Table 4. Binary logistic regression model predicting effectiveness of the chatbot.
CoefficientsORa (95% CI)P value
Intercept0.87 (0.33-2.25).76
Response complexity (technical language)2.73 (1.05-7.41).04
Chatbot persona (“Doctor”)0.84 (0.25-2.72).76
Chatbot persona (“Nursing Student”)0.52 (0.15-1.69).28

aOR: odds ratio.

Qualitative Transcript Review

Analysis of the chatbot conversation transcripts reveals that all of the 71 participants followed the general knowledge–seeking task. However, there were elements of how participants interacted with the chatbot that varied. Only about half of the participants (35/71, 49.3%) asked at least one question using the singular “I” form, often concerning prevention for themselves (ie, “How can I prevent high blood pressure from occurring?”). Of these participants, most (25/35, 71.4%) asked more than one question using the singular “I” form. Generally, the “I” questions could be answered with generic responses, but occasionally participants would ask questions such as “Am I at risk?” which the chatbot, based on the current chatbot pattern matching structure, was not able to answer explicitly for each participant. Only one participant asked the chatbot about assisting others: “How can I help someone with high blood pressure?” When participants received an “I don’t know” response from the chatbot, they generally reverted back to general knowledge seeking with questions like “What is blood pressure?” or “Who is affected most?”
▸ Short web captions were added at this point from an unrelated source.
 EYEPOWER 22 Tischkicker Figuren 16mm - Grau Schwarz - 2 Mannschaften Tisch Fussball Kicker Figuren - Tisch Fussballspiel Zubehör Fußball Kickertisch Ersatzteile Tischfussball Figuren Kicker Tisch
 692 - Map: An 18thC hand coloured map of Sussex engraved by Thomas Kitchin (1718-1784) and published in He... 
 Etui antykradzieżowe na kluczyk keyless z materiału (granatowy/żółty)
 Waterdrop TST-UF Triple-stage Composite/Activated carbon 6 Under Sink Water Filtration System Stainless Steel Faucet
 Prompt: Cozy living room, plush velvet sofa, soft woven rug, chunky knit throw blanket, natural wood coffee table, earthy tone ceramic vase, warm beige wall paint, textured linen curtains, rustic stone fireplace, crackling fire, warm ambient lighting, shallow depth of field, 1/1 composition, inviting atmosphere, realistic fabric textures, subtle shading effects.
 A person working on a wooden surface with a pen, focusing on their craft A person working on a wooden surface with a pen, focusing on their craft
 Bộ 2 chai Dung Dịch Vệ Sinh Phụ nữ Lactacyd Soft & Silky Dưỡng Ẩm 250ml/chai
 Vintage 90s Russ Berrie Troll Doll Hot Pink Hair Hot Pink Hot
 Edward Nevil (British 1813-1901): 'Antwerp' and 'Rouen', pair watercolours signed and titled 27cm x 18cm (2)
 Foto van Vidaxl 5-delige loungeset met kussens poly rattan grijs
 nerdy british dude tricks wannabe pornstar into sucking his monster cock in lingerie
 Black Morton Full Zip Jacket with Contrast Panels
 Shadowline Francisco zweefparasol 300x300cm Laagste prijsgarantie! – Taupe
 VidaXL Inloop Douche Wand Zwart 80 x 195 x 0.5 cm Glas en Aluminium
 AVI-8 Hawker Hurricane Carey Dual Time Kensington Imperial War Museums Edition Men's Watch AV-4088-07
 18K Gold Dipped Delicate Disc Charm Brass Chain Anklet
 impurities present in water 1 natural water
A handful of participants (5/71, 7%) used scenarios at some point in their dialogue to learn about specific factors that could put them at risk of high blood pressure. The scenarios were generally self-centric, in that the participants wanted to know if their specific life circumstances or choices could affect their blood pressure. Textbox 1 summarizes the scenario style questions from the transcripts that demonstrate these scenarios or concerns.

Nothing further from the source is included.